▶ [TASK BRIEF]: Reproduce the listing below character for character; drop every image.

▶ [DATA BLOCK]:
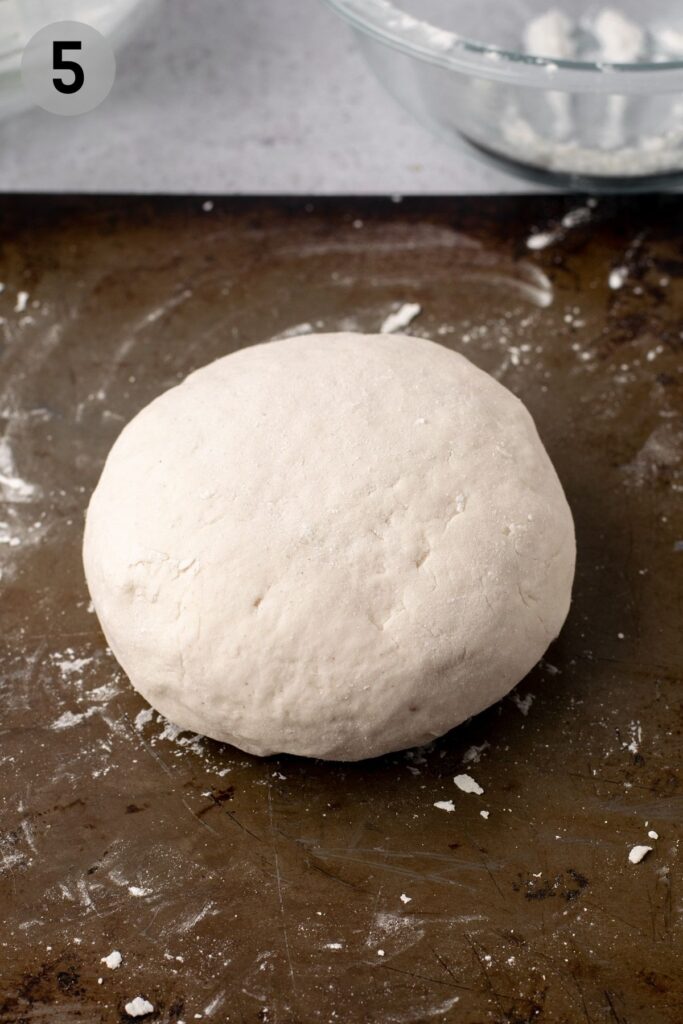 kneaded ball of bagel dough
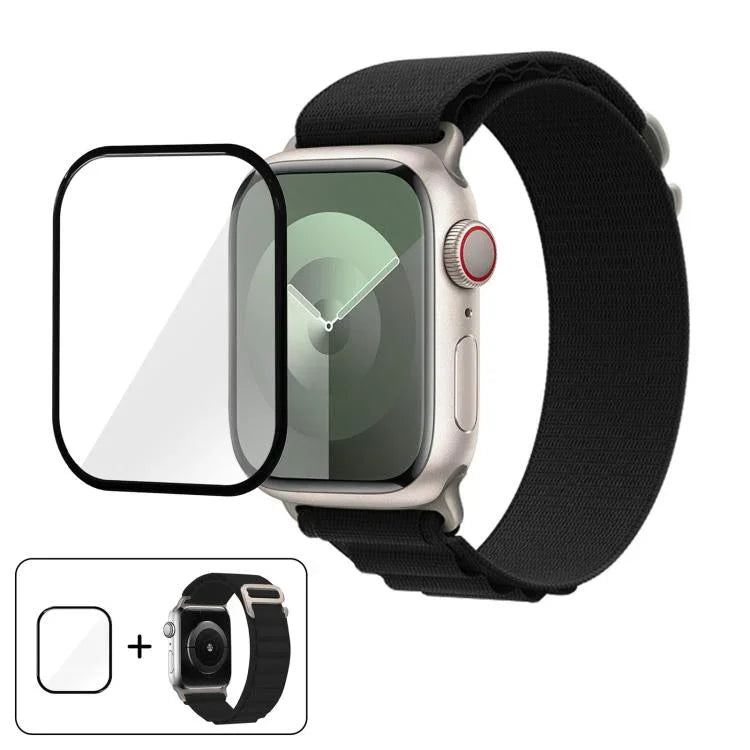 Buckle Loop Nylon Watch Band with 3D Curved Film, For Apple Watch Series 42mm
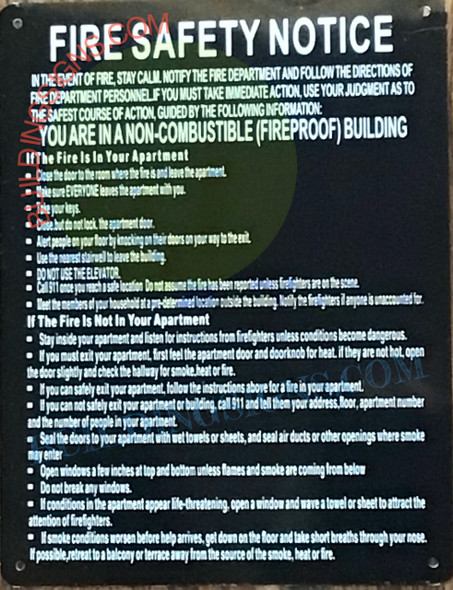 LOBBY Fire Safety Notice -FIRE PROOF BUILDING LOBBY Fire Safety Notice -FIRE PROOF BUILDING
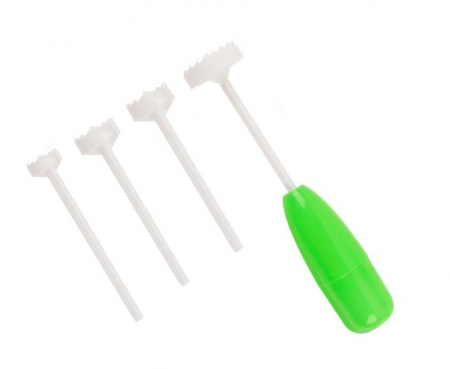 Articole pentru Bucatarie & Servire - Dispozitiv spiralat pentru legume si fructe, EVNC, Vege Drill, 4 accesorii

▶ [ANSWER BOX]:
 kneaded ball of bagel dough
 Buckle Loop Nylon Watch Band with 3D Curved Film, For Apple Watch Series 42mm
 LOBBY Fire Safety Notice -FIRE PROOF BUILDING LOBBY Fire Safety Notice -FIRE PROOF BUILDING
 Articole pentru Bucatarie & Servire - Dispozitiv spiralat pentru legume si fructe, EVNC, Vege Drill, 4 accesorii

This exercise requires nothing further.